What to do ▸
All of the data goes into your copy exactly as written. Images do not.

Provided material Block Start

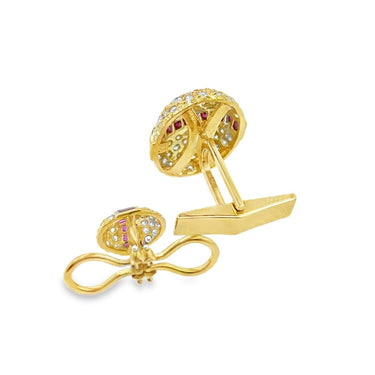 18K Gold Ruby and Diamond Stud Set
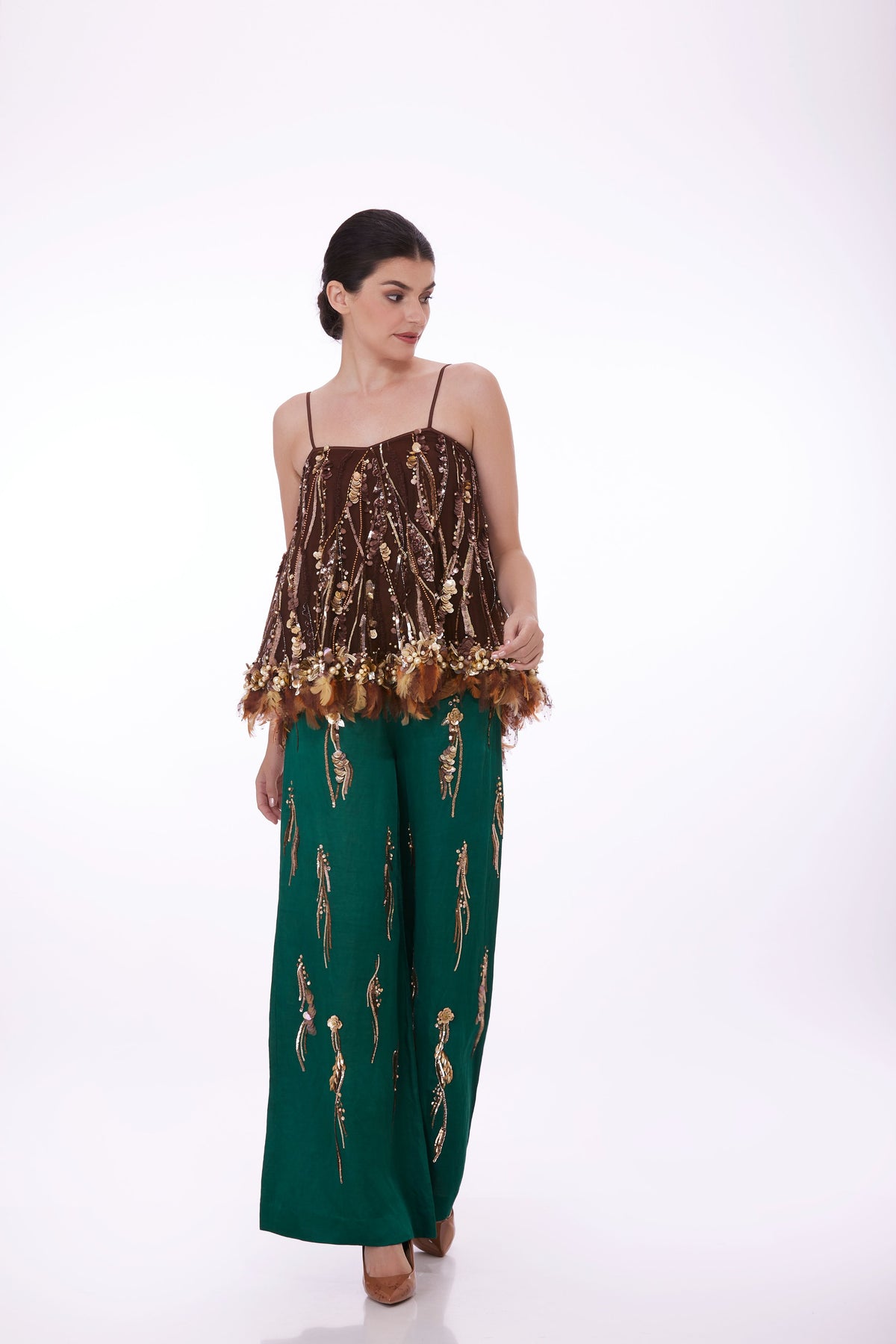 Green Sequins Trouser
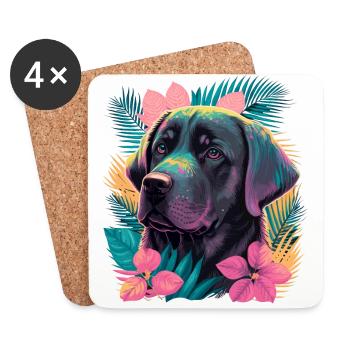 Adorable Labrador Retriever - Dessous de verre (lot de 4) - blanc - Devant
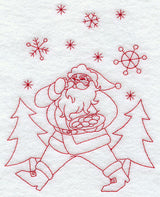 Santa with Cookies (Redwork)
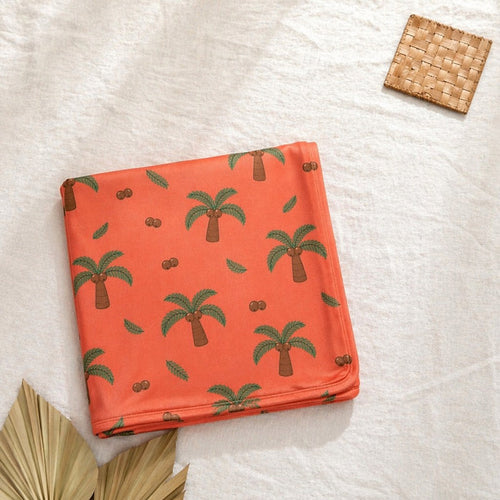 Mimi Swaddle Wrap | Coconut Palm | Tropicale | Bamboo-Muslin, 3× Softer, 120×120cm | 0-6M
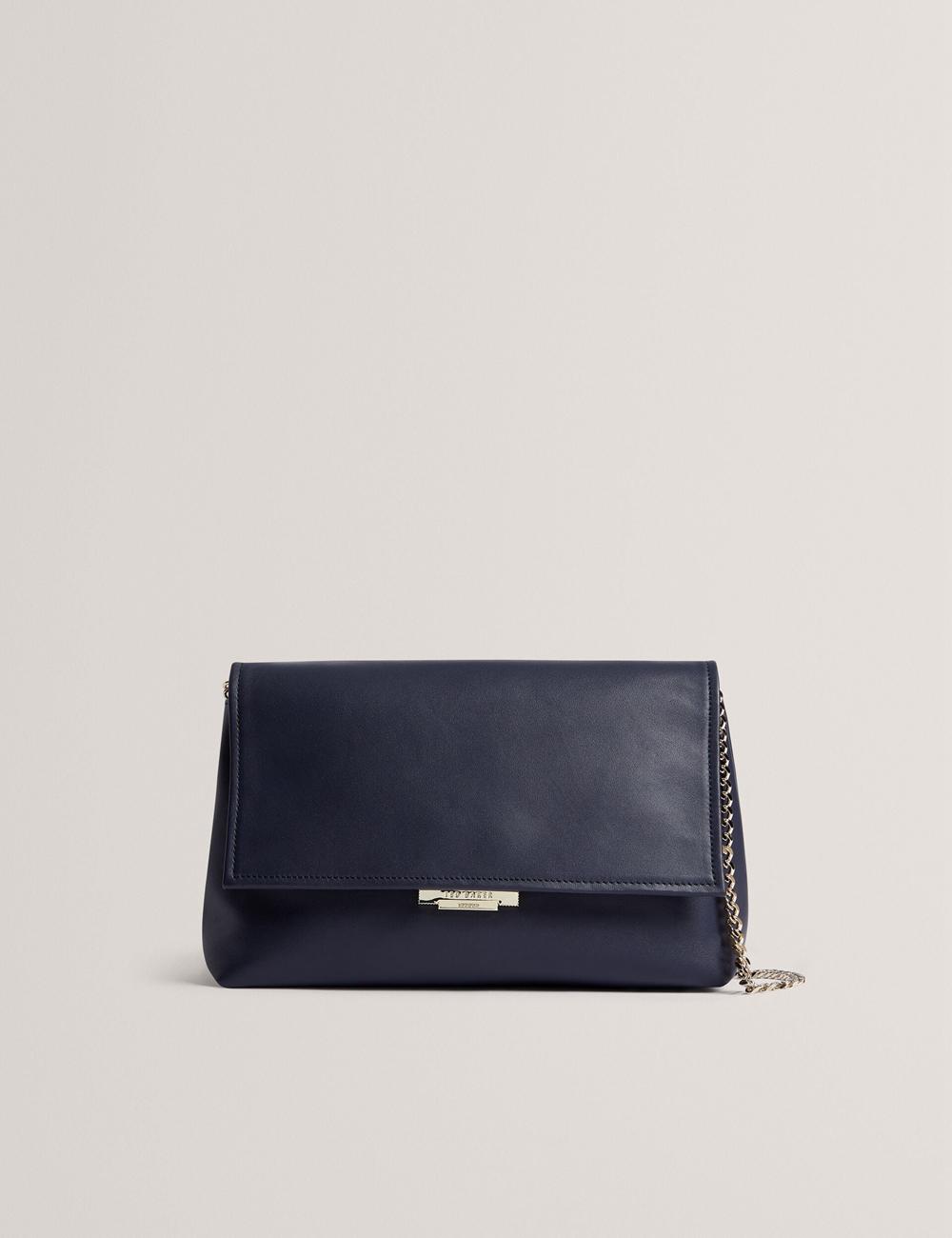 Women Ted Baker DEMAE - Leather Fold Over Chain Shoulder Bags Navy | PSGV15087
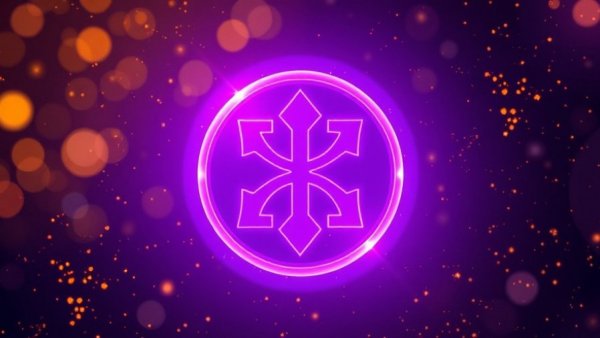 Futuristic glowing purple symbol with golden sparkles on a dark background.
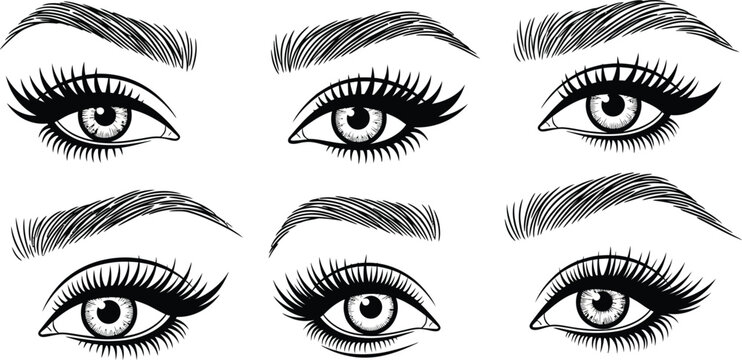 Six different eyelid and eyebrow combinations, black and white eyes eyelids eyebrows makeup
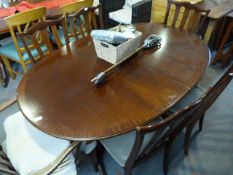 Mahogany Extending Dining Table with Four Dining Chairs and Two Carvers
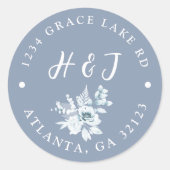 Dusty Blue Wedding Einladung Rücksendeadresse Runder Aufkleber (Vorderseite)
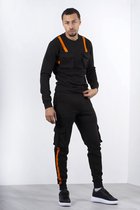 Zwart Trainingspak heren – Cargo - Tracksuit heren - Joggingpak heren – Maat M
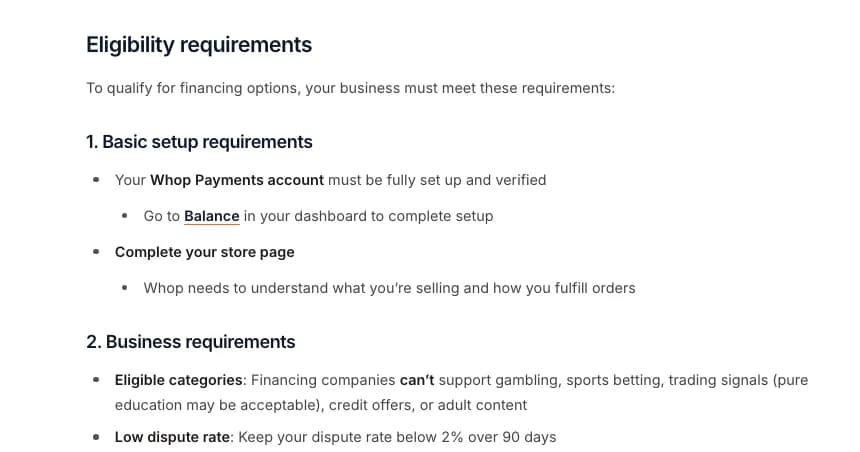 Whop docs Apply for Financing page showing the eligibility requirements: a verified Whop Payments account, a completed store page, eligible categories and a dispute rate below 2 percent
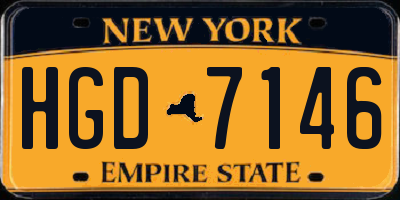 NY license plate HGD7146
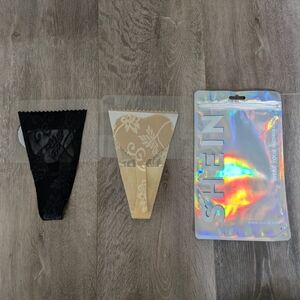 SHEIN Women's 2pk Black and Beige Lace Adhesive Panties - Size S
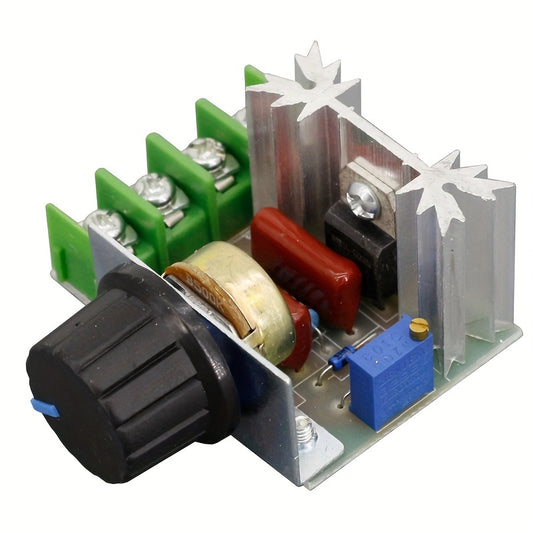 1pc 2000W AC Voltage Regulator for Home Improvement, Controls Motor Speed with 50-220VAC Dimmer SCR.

Provided material Block End

Problem solution ▸
 18K Gold Ruby and Diamond Stud Set
 Green Sequins Trouser
 Adorable Labrador Retriever - Dessous de verre (lot de 4) - blanc - Devant
 Santa with Cookies (Redwork)
 Mimi Swaddle Wrap | Coconut Palm | Tropicale | Bamboo-Muslin, 3× Softer, 120×120cm | 0-6M
 Women Ted Baker DEMAE - Leather Fold Over Chain Shoulder Bags Navy | PSGV15087
 Futuristic glowing purple symbol with golden sparkles on a dark background.
 Six different eyelid and eyebrow combinations, black and white eyes eyelids eyebrows makeup
 Mahogany Extending Dining Table with Four Dining Chairs and Two Carvers
 Dusty Blue Wedding Einladung Rücksendeadresse Runder Aufkleber (Vorderseite)
 Zwart Trainingspak heren – Cargo - Tracksuit heren - Joggingpak heren – Maat M
 Whop docs Apply for Financing page showing the eligibility requirements: a verified Whop Payments account, a completed store page, eligible categories and a dispute rate below 2 percent
 NY license plate HGD7146
 SHEIN Women's 2pk Black and Beige Lace Adhesive Panties - Size S
 1pc 2000W AC Voltage Regulator for Home Improvement, Controls Motor Speed with 50-220VAC Dimmer SCR.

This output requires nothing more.